Air Traffic Control Specialist


Air Traffic Control Specialists are responsible for safely and efficiently directing air traffic through United States airspace. Air Traffic Controllers are trained to control air traffic with proper separation between aircraft as they fly between airports. There are different levels of Air Traffic Control Specialists, with some positions requiring more responsibility and duties than others. Also, some airports are busier than others, and that directly affects the pace and number of duties required of the Air Traffic Control Specialists.

In Focus: Air Traffic Controller Training


The job of an Air Traffic Control Specialist is one of the most stressful occupations in the country. They are largely responsible for maintaining the safety of passengers, crew, and aircraft and of people and structures on the ground by directing the speed and direction of multiple aircraft simultaneously. There is currently a shortage of air traffic controllers, which contributes to higher stress levels.


Air Traffic Control Specialists must be adept at handling extreme stress and be able to make quick and correct decisions at a moment’s notice with the knowledge that each decision can be life threatening to many people. Excellent verbal and written communication skills are necessary. A medical examination and psychological screening test must be passed as a condition of employment.

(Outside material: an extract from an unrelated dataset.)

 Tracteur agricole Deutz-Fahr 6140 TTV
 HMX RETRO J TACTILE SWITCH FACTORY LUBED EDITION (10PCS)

Applicants must be United States citizens. A minimum of 52 consecutive weeks of air traffic control experience in a civilian or military air traffic control facility is necessary. A candidate must have a track record that demonstrates a thorough understanding of FAA rules and regulations, aircraft separation, and control of aircraft under stressful conditions. Anyone over the age of 30 is automatically disqualified for any entry-level Air Traffic Control Specialist positions. Applicants must pass a security clearance as a condition of employment.


An intensive training course will be provided, and applicants are required to pass it as a condition of employment. For each advancement in position as a controller, additional training is required.


Controllers with less seniority may be required to work irregular hours, nights, weekends, or holidays.

Air Traffic Controller Salary and Benefits

Temporary or new hires in training will earn annual and sick leave, but will not be eligible to benefits that permanent employees have, including life and health insurance, retirement plans, or Thrift Savings Plan eligibility. Upon successful completion of training, controllers will be entitled to full benefits.